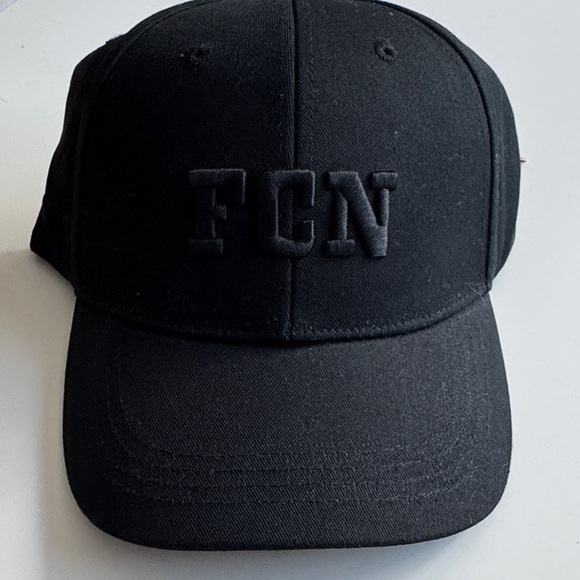 FC Nordsjælland Black Hat – Adjustable (New with Tags) - Picture 1 of 3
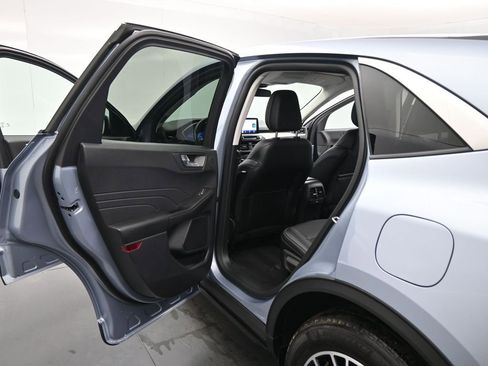 Certified 2022 Ford Escape SEL w/ Technology Package image 18
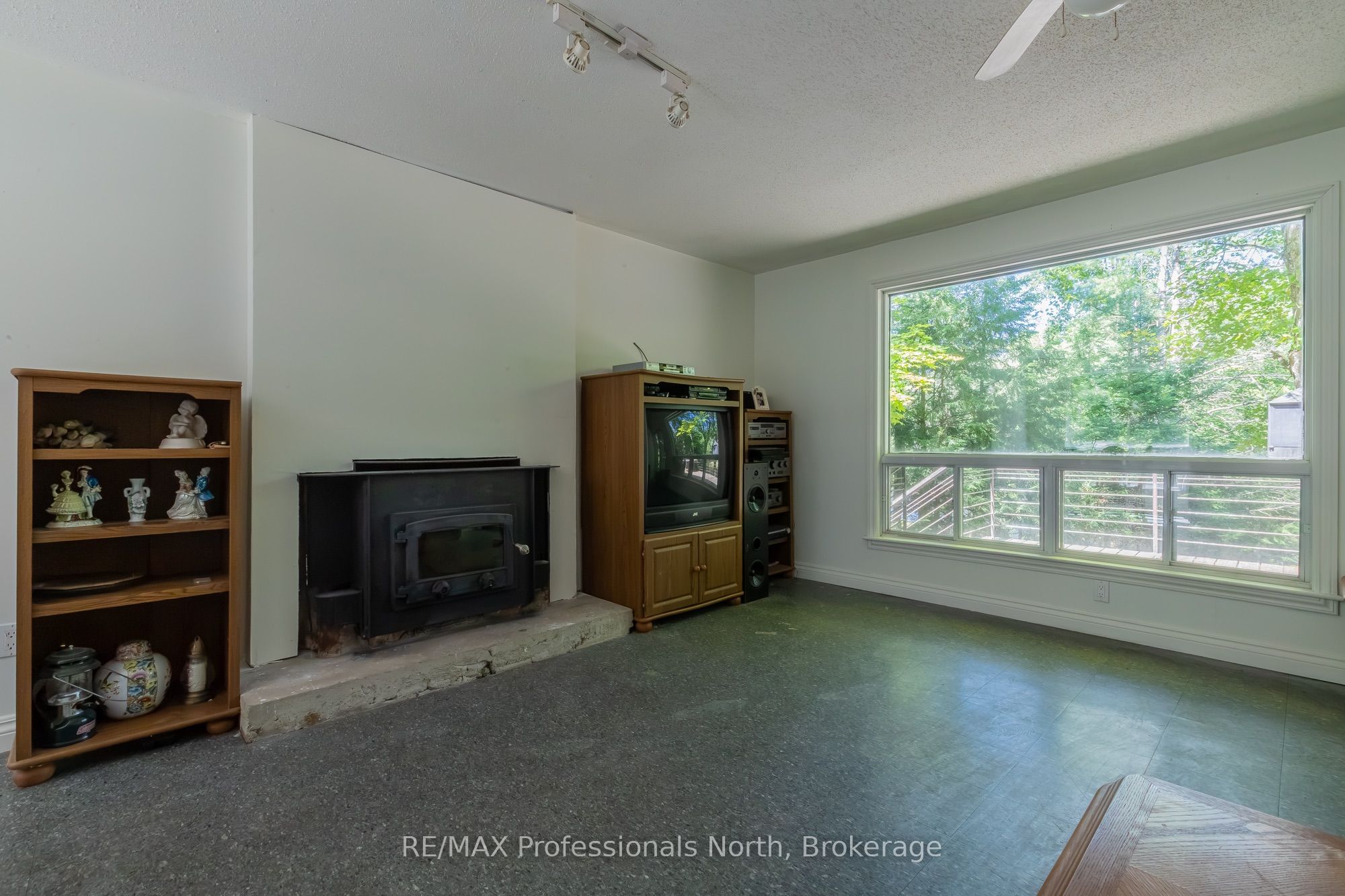 1114 River Haven Road N Property Photo 25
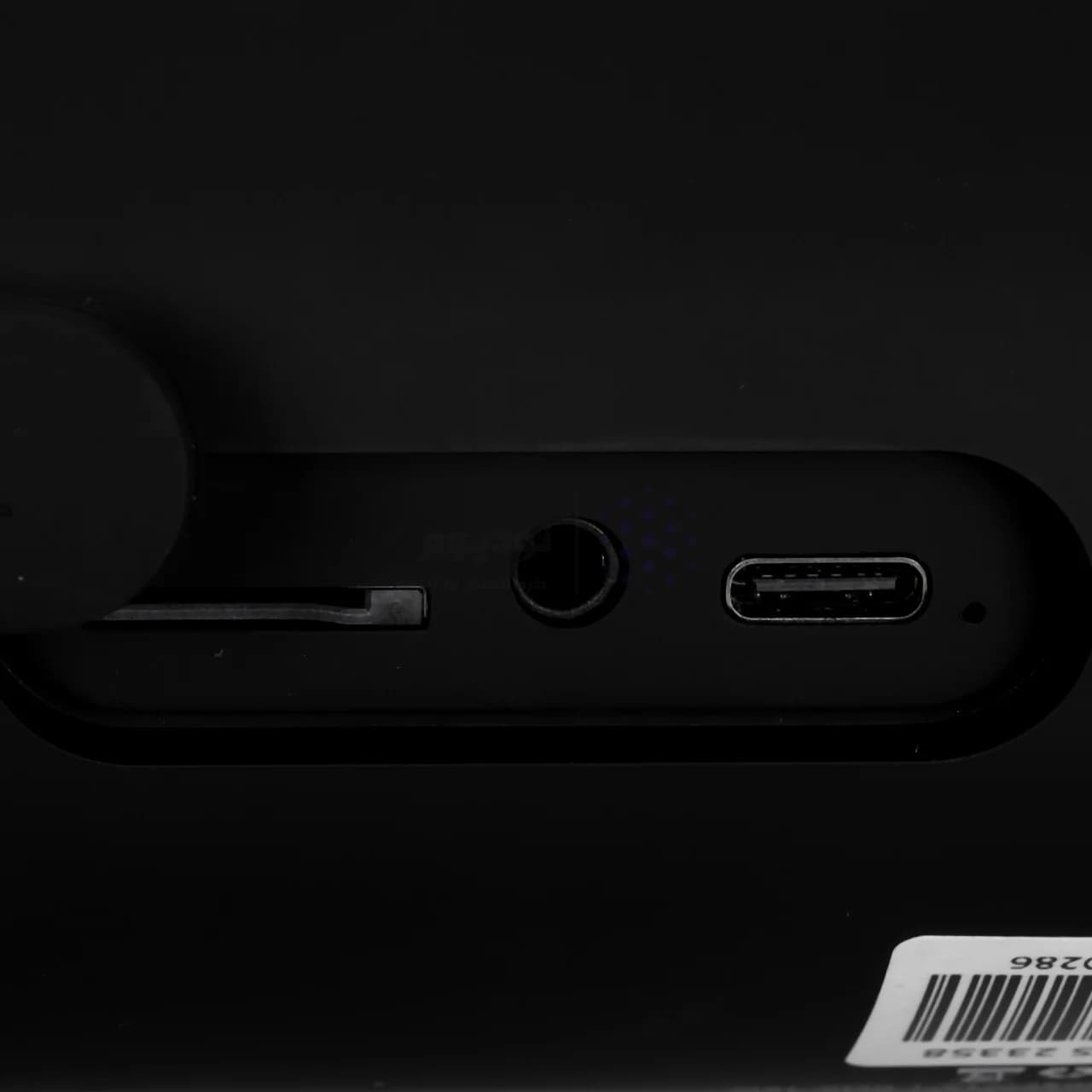 اسپیکر بی سیم 16 وات TSCO مدل TS 23358 – مشکی — تصویر ۵
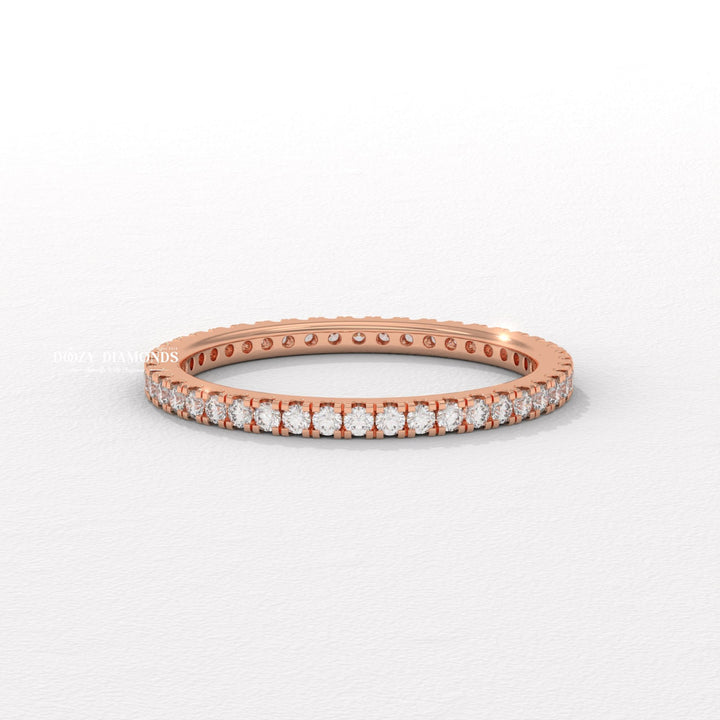 Anniversary gift for her
Conflict free diamond ring
Solid gold diamond band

__EXERCISE REQUIREMENTS__:
What is the number of lines in the preceding entries that hold the string "diamond"? Give it alone.

__SOLUTION FOR THIS EXERCISE__:
2